While there are a ton of resources that’ll teach you how to grow your own garlic – if you’re a newbie wannabe grower like me and you don’t have a garden (or even a deck… sigh) and want something fresh and green growing in your kitchen, then this post is for you.
- A small, clear container (I used tiny plastic shot glasses so that my glass shot glasses wouldn’t smell like garlic… coconut rum + garlic = gross)
- Unpeeled garlic cloves (make sure the garlic is from your local farmer’s market)
Add a bit of water at the bottom of your shot glass or small container – just enough to cover the bottom of your clove (don’t submerge the clove or it’ll rot). Keep this on your windowsill and after a few days, you’ll have scapes! Let them grow until they’re several inches tall, then cut from the top.
I know for some of my readers with actual gardens, this post might seem silly but if you’ve ever lived in a tiny apartment (or a townhome without a deck), then you know how awesome it feels to have something growing in your kitchen.

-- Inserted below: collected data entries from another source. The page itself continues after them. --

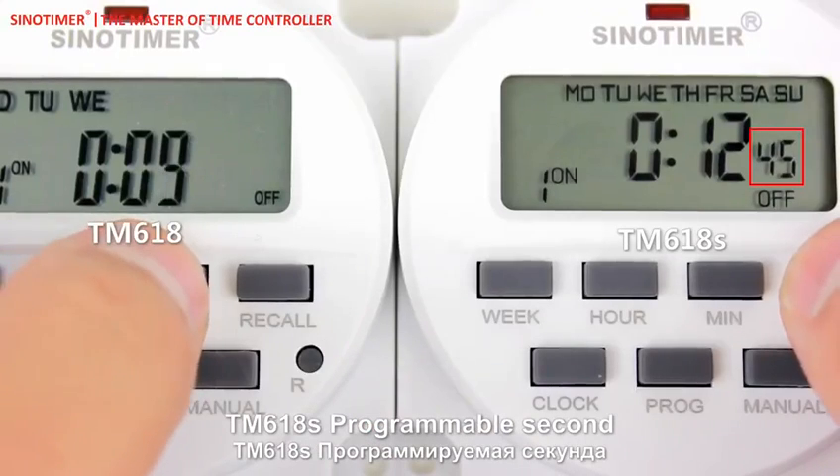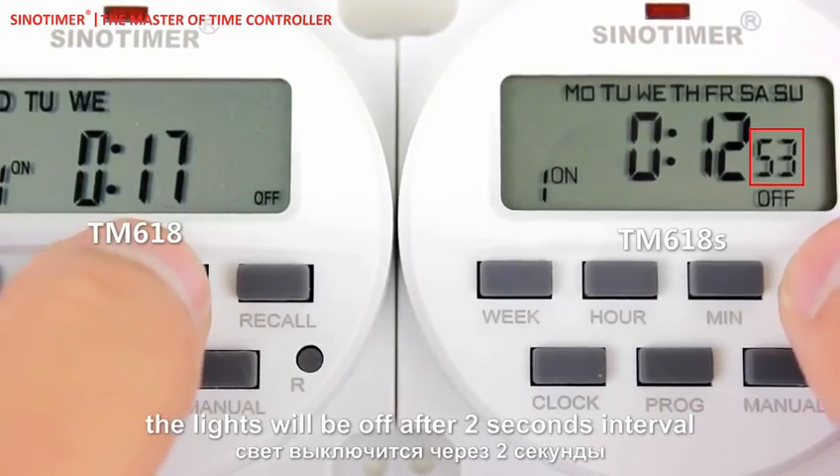The TM618S also features a programmable second function — the lights will turn off after a 2-second interval.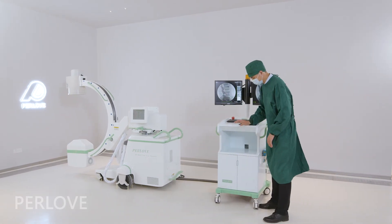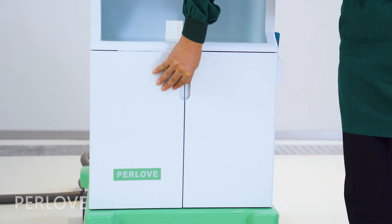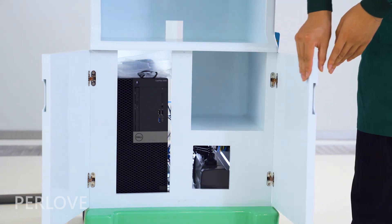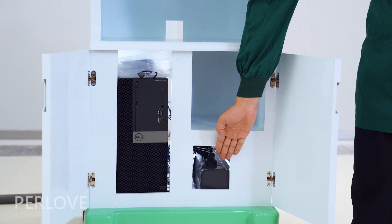The workstation is equipped with a UPS power supply that can ensure the computer can last for 10 minutes after power failure.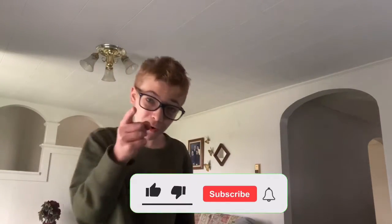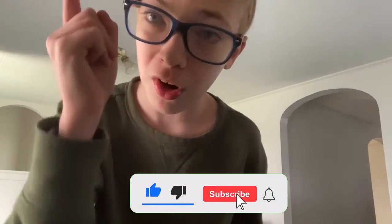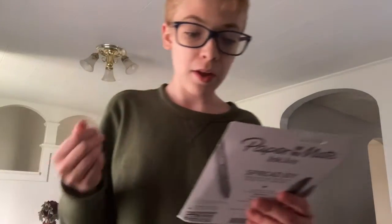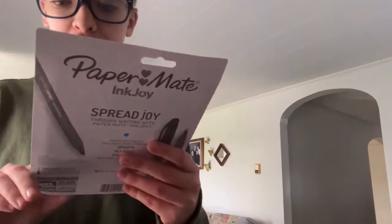Welcome back everybody to a brand new video. Today we have Paper Mate InkJoy ballpoint pens. These are ultra smooth ink and I'll show you more of it in the video.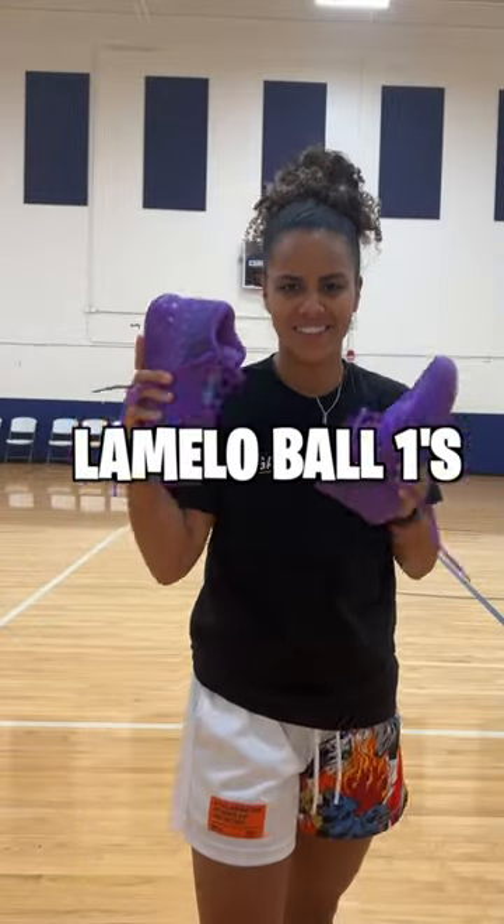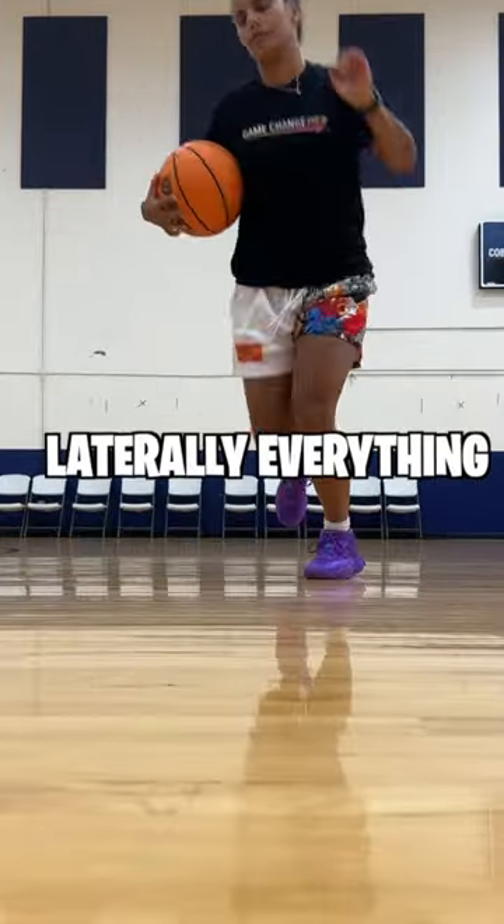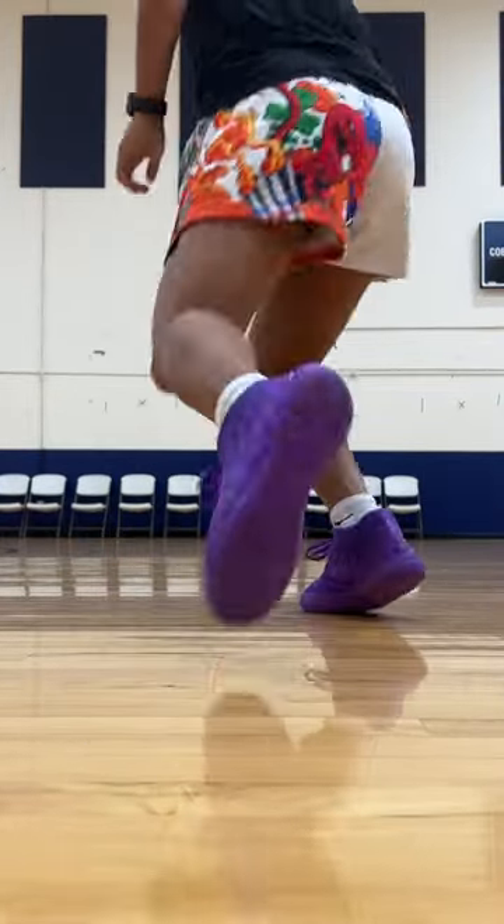How good are the Lamelo Ball Ones? Let's find out. The squeak test was pretty good — I give it an 8 out of 10. Moving laterally, everything felt solid and easy to do.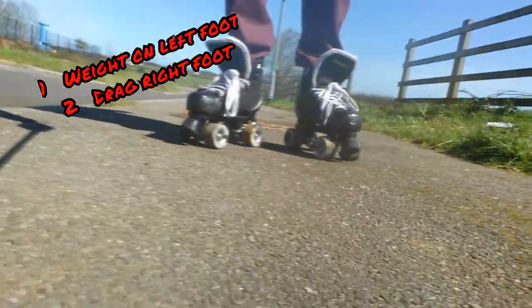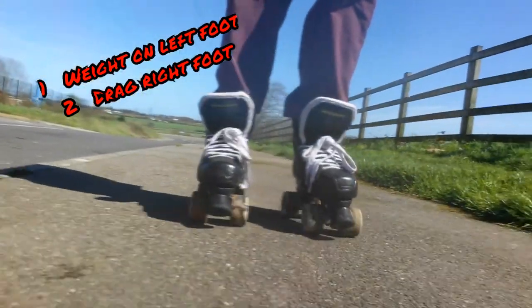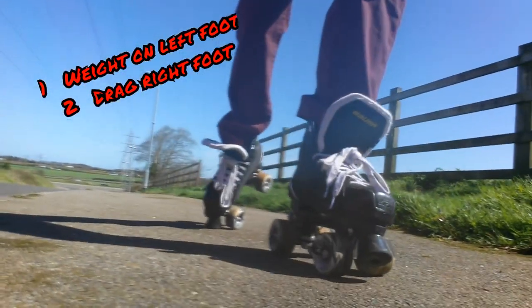I'm going to be braking with my right foot, so I'm going to put all my body weight on my left foot, like so, and then I'm going to put my toe stop down on my right foot. Weight on that foot, toe stop down, and bring it in. So again from a third person perspective, put all your weight on the other foot — for me it's my left — and then drag the other foot, for me it's my right.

Using these homegrown garlic scapes will make ya feel fancy. Snip some off the top and add them to scrambled eggs, a bowl of soup or sprinkle them on top of a baked (sweet) potato. Use these scapes to garnish any meal – and definitely use them when your friends come over – they’ll be super impressed and think you’re trendy/cool. I mean, growing garlic scapes in a shot glass… is way cooler than what shot glasses are actually meant for.